Friday, August 3, 2012

The Fundamentals of Investments

The most insane piece of investment advice I've ever heard was relayed by a friend who was taking an investments class at the local adult school. The instructor's key to investments and stock selection was to pick the stock of solid companies with which you dealt and trusted. The insane part of this advice is that it totally ignores valuation. Yes, Google may be a great company, but before you buy it shouldn't you ask whether it's currently selling for $50 a share or $1,000? And even if it's a good idea to buy stock in "good" companies, wouldn't it make sense that the current price already reflects the value that you have perceived?

Now this is not to say that people haven't made a lot of money in some stocks using this approach. and indeed this approach is so common to have a name--fundamental analysis. For example, fanatics of Apple products who backed up their product devotion with a financial investment have done well. On the other hand you could have paid $644 for Apple stock a few weeks ago and be down $27 a share. After all, no stock always trades at an all time high. And what about the devoted followers of Blackberry, or Palm Pilot or the Windows operating system or Farmville? You
would have lost big bucks if you backed up your fundamental analysis with cash.

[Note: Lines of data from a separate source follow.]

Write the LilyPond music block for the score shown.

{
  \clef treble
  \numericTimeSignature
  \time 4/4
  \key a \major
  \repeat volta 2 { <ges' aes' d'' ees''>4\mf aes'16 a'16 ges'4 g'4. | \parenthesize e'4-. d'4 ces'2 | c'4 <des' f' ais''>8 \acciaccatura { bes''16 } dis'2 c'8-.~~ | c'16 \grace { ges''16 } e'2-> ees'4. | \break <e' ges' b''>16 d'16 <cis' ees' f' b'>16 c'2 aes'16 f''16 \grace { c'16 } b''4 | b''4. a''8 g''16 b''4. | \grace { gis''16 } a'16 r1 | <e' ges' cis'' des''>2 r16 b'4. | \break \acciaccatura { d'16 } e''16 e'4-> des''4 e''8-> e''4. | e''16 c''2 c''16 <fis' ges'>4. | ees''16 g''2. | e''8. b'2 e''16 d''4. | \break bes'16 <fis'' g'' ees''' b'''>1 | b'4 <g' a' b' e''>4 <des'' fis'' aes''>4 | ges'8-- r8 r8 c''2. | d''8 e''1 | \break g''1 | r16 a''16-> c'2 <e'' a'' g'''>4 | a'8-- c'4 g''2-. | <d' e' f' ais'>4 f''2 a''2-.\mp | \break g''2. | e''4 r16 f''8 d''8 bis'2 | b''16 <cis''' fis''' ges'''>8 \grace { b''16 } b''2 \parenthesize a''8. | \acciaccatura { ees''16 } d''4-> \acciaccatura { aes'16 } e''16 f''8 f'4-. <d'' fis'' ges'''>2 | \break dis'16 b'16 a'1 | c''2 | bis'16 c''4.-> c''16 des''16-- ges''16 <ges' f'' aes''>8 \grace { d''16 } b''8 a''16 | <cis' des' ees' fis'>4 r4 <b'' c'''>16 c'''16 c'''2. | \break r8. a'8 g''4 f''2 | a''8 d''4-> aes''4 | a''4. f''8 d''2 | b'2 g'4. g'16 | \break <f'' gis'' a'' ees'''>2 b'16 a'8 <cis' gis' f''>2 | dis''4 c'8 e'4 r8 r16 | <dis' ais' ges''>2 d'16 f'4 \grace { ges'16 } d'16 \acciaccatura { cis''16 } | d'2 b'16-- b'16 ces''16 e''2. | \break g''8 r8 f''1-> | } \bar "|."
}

Generally speaking, a stock's current price reflects what the investing public knows and expects about a company. (The term "investing public" does not refer to the man-on-the street public, but rather professional investors, and what you or I think about a stock's valuation doesn't matter.) Subsequent changes in value reflect how revised knowledge and expectations differ from the past. I'd say that many investors have owned Apple stock at some point in time in the past, but when their primary product was the MacIntosh computer, and it seemed to be losing ground to Windows based computers such that it would become extinct, a lot of people bailed out. Like me.

With all this in mind, it turns out that the recent public offering of Facebook capsulizes this discussion very well. There was a frenzy in the IPO as public demand under the fundamentalist approach (plus greed on the part of the issuer) sent the offering price way above the original expectation. While there was pro forma financial information issued, since Facebook had not been publicly traded there wasn't the history of company commentary and investment adviser analysis to determine if the $38 IPO price was realistic or not. As post-IPO trading first showed, and the first public quarterly earnings release emphasized, it was not by a long shot.

On the other hand, since future stock price movements are caused by subsequent changes in facts and expectations, who's to say that despite the negative fundamental news about Facebook that its current price of $20 might be an undervaluation? Only time will tell whether this fundamentally unsound stock is now actually a good buy.

And since I've brought up the subject of Facebook, I'll close with another dig at the way the state of California balanced its budget for the fiscal year that just started. It projected $1.8 billion in revenue from taxes paid by original Facebook shareholders who could monetize their investments once the company went public. At a sales price of $38 per share, that might have been a realistic number. But due to the lock up period, those insiders were not immediately permitted to sell their shares, and will have to wait until the upcoming weeks and months. So at $20 per share, the actual California budget deficit just got larger as California is not going to realize $1.8 billion. This also reinforces the underlying weakness of California's income tax system which disproportionately (much more than the federal government) relies on taxing the rich. While that strategy may work in good times, it's toxic when things don't go well since the income of wealthier taxpayers is much more adversely affected when times are bad, and makes forecasting revenues highly unpredictable.